La critica, infatti, è che gli amministratori – a differenza dei privati cittadini - vengano sostanzialmente graziati sia a livello di sanzioni che di controlli. Nel comunicato, attentamente studiato, si auspica ancora un confronto con la maggioranza «leale e costruttivo», ma la strada appare stretta. «L'Associazione è rimasta aperta al dialogo con le istituzioni, ma quello che mi preoccupa è capire se poi al dialogo segue l'ascolto», ha spiegato Briguori durante un convegno.

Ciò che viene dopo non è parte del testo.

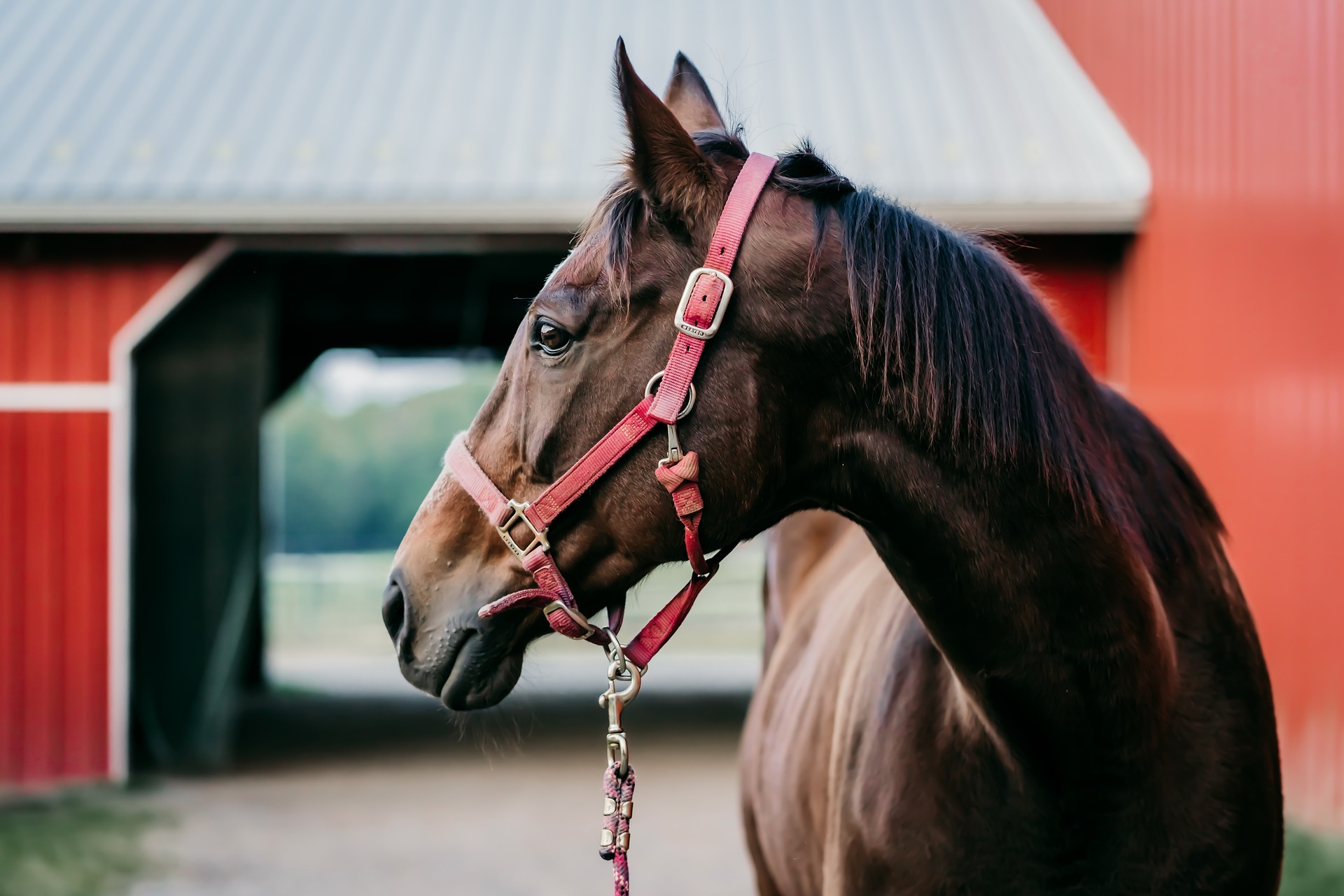 Horse Boarding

Una speranza di modifica esiste ancora: il dialogo con la maggioranza, infatti, almeno formalmente c’è stato e dovrebbe esserci ancora spazio per emendamenti al testo. Tuttavia la tensione a viale Mazzini è massima: un’assemblea straordinaria delle toghe contabili sarà calendarizzata entro fine mese per valutare le prossime mosse. Il sospetto che si sta facendo sempre più certezza, però, è che l’intenzione sia quella di trasformare la Corte in uno scudo per ridurre la responsabilità degli amministratori, con il rischio però che sulla magistratura contabile ricadano eventuali carenze di vigilanza sugli atti connessi al Pnrr.